Sunday, March 4, 2012

Day #1 commuting to the NICU

Today was my first time going to church in seven weeks.  It was so fun to get out of the house and see some of my friends again!  Once again, it was very humbling to hear of all of the people who have been praying for us.  Wow!  We appreciate you all so much! 

Let me tell you a story I heard today that gave me chills.  My friend Kimberly was leading a team of people from our church on a mission trip to Ethiopia.  Before they left, she told me she was going to pray that I'd still be pregnant when then return, which would put me a few days past the 30 week point.  Well, I knew they got back this week, but I wasn't sure of the exact day.  Today, she told me she has been praying every day for me to stay pregnant until they got home.  Amazingly, their flight landed at 7:30 Thursday night, and Joshua held on until 29 minutes later, when he was born at 7:59.  Just as she prayed, I was still pregnant when they got home.  I think that's pretty cool. 

When Jeremiah was born, I had a couple of episodes of being really teary, you know all that hormonal stuff with having a baby.  I don't really understand it, but I haven't been tearful with Joshua since the day or two after we found out about all of the issues back at 24 weeks.  I have just been so thankful for each day, and miracle after miracle occurred, so I had nothing to be sad about.  Even after the delivery, I was so excited he was healthy and didn't need to be intubated, so I have had a pretty positive outlook this whole time.  Then it hit me today.  I saw a woman at church holding an adorable baby who looked like a newborn, and all I could think of was how huge that baby was.  I was so envious of her for having her baby in her arms, and I just broke down because I missed Joshua so much, and I just wanted to be able to bring him places with us, or even hold him, something I had only been able to do twice.  The episode eventually passed, and the self pity didn't last more than a few minutes, but it made me realize I guess I'm not as strong as I thought I was.  Then the service was over, and I was enveloped in the love of the ladies from Moms and Beyond, and everything became ok again.  I really needed that pick me up, so I'm glad I ran into them when I did.

NICU Updates:

1.  Joshua's bilirubin level went down from 8 yesterday to 4 this morning, so they took him off the lights.  No more shades covering those handsome eyes!  He is sleeping so much better and seems so much more content now that he can be all bundled up again.
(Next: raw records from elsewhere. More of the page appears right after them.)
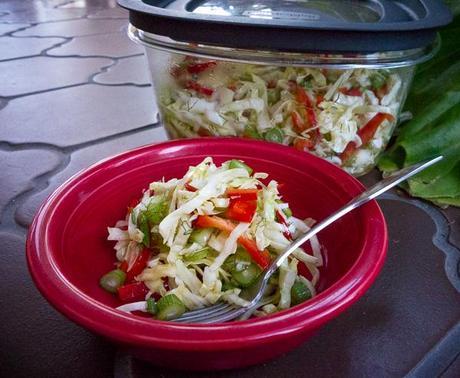 Recipe for Cabbage Salad with Red Pepper and Fresh Fennel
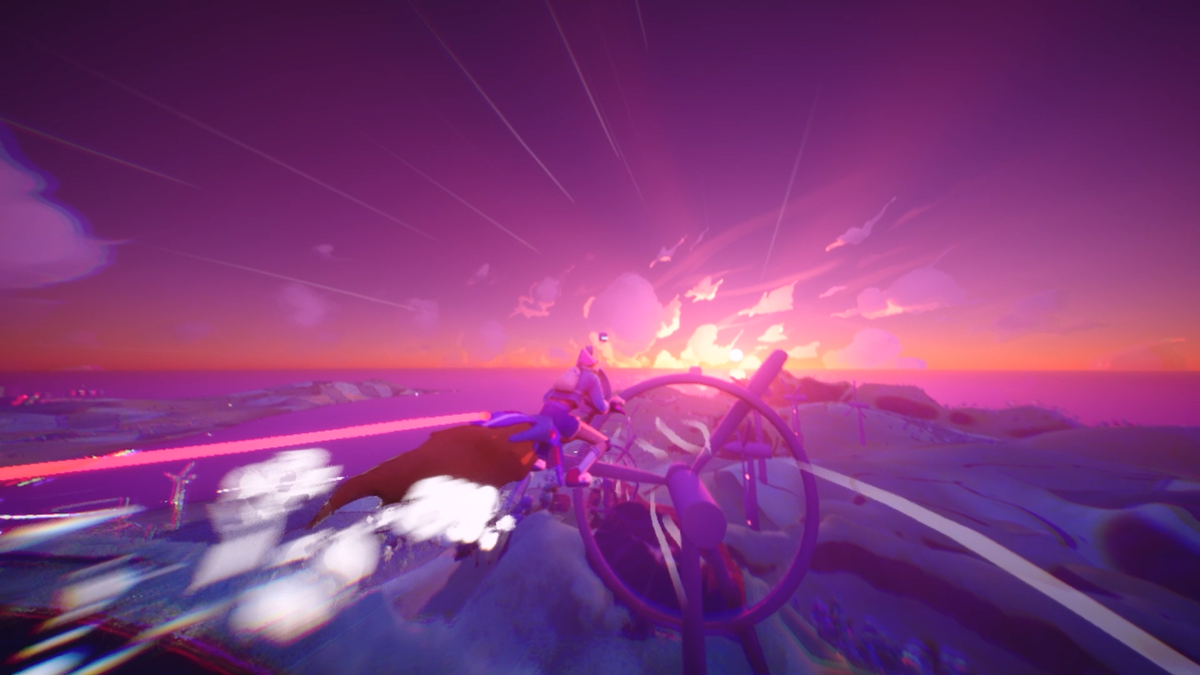 Electric Saint's Crescent County made in Unreal Engine 5; screens of a broomstick racing game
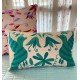 Cyan Bird Embroidered Cushion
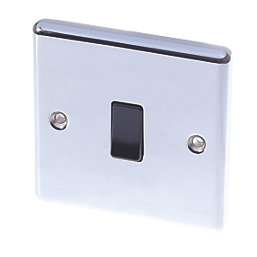 LAP  10AX 1-Gang 2-Way Light Switch  Polished Chrome with Black Inserts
2.  His GI system still hasn't gotten moving, and things now seem to be reversing in the wrong direction (bilious output from the stomach through the orogastric tube).  The xray showed normal bowel gas pattern, so that's a good sign.  None of this is surprising because his blood was shifted to his brain in utero since that's the most important organ, so his abdomen and GI system were neglected and may take awhile to get started up again.  This is common in IUGR preemies.  He is now NPO (no more breast milk in his OG tube, just nutrition through his venous catheter), and he's getting frequent suppositories to try to get things moving.  He is on  "nec watch," meaning they are looking closely for necrotizing entercolitis, a rare but very serious problem in preemies where the intestinal tissue dies from lack of blood flow.  He does not have this disease, but he is at risk for it.  Please pray for this GI issue to be nipped in the bud before it becomes something serious. 

3.  His umbilical venous catheter has become dislodged a little, so the doctor is going to put in a PICC (peripherally inserted central catheter) line tonight for Joshua to receive his nutrition.  The UVC cath is only good for up to about 10 days, so he may have needed a PICC line anyway, so this isn't a huge deal.  Both the doctor and the nurse said the cath probably shifted out because he is so active for a preemie his age, and they were impressed with how active he is.  You can imagine how proud this mama and papa were to hear that compliment!   

4.  I tried to hold Joshua today, but he didn't handle it so well.  We couldn't get him to stop crying, and his heart rate and respiratory rate kept going up.  After about 10 minutes, we put him back in the incubator, and he immediately settled back down.  Hopefully tomorrow we'll get another chance.  Logically, I know babies this little don't like excessive stimulation, so I shouldn't put too much pressure on myself.  Emotionally, though, it's a little discouraging thinking I'm his mother, so I should be able to calm him down.

We are quickly learning that a NICU course can be tenuous, and sometimes it's two steps forward and one step back.  We're definitely learning as we go, just continuing to pray for the strength we need each day.  Thank you for praying for Joshua's health, and especially for his little bowels to get moving so we can avoid necrotizing enterocolitis.

1 comment:

  1. karrn

    prayers for the whole bales family. take care sister.